Giacomo Paoletti nasce nel 1982 in provincia di Firenze. Si laurea in Discipline dello spettacolo dal vivo al Dams di Bologna, con Claudio Longhi.

Si forma come performer al Centro di arti performative Elan Frantoio diretto da Firenza Guidi e tramite percorsi con Michael Marmarinos, Ida Kelarova, Francesca della Monica, Costas Lamproulis, Cristina Rizzo. Partecipa alla Steps Ahead Academy di Fabbrica Europa e Roots & Routes, divenendo jr peer coach in performing arts and media.

Dà vita al progetto Lovett e il Lupo, con cui conduce laboratori di teatro soprattutto per l’infanzia e l’adolescenza, in scuole, centri di aggregazione, campi estivi, case famiglia, ma anche con adulti e in situazioni di marginalità, con persone in semilibertà e in recupero dalle dipendenze. All’interno di tali processi creativi si occupa anche di regia e di scrittura, ma si dedica alla stesura di veri e propri testi teatrali indipendenti dal 2020.

Club 27

Quattro creature intrappolate in quella che sembra una convivenza forzata: una prefica in astinenza da funerali, un giovane uomo che non riesce a finire un puzzle, una ragazza appassionata di rock che si allena per volare, una scrittrice che sta componendo una nuova bibbia.
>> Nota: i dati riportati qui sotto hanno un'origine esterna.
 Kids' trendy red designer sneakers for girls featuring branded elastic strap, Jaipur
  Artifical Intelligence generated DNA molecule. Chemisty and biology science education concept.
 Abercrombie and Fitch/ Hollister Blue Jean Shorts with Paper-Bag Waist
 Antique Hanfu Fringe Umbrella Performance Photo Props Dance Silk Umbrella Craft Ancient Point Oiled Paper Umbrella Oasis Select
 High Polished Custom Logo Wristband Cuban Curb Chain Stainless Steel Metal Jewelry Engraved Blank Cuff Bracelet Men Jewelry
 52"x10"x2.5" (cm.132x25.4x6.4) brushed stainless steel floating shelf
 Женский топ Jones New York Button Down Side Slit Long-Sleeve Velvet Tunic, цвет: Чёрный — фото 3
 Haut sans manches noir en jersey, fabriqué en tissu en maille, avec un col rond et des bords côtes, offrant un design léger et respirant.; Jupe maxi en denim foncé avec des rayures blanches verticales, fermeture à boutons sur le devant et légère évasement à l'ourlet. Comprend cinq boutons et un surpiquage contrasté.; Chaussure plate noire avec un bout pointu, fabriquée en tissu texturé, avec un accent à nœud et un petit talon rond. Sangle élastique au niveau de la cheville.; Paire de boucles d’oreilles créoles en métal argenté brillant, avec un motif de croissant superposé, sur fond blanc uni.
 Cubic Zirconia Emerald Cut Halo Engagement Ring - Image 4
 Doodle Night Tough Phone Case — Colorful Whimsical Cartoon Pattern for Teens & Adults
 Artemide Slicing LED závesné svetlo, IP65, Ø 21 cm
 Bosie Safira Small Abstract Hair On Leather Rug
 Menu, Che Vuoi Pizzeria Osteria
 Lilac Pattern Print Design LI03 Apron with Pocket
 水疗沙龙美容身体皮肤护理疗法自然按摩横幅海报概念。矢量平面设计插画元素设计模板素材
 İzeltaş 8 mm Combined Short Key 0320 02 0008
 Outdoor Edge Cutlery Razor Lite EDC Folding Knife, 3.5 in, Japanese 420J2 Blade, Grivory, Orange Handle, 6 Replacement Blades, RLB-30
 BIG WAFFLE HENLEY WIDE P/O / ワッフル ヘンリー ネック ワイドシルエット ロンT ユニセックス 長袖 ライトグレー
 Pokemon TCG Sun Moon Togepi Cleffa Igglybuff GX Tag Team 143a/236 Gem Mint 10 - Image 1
Non possono uscire. Fuori pare nevicare da sempre e non c'è traccia di altri esseri umani. Ognuno, a suo modo, cerca segni a cui dare significato. L'era dell'efficienza e del raziocinio si è come frantumata davanti a loro: tentano di rimettere insieme i pezzi, vogliono capire il mondo ma al tempo stesso, consci o meno, bramano il mistero.

Al centro di questa indagine drammaturgica c'è l'apofenia, l'immotivato riconoscimento di connessioni in dati totalmente casuali; come il noto Club 27, la “maledizione” degli artisti deceduti a ventisette anni. Così, i quattro cercano di passare il tempo: fra fantasmi del rock e ali d'angelo aggiustate col nastro adesivo, fra apparizioni notturne e visite di presunti diavoli, spuntano cicatrici e frammenti di ricordi ambigui. Il senso, però, ancora non arriva. Per questo, puzzando un po' di “teen spirit”, cercano di spiegarsi la vita per contrasto, parlando di morte: brandizzata, spettacolarizzata, sterilizzata, negata, desiderata. Ma sempre affamati di vita restano, fino all'overdose.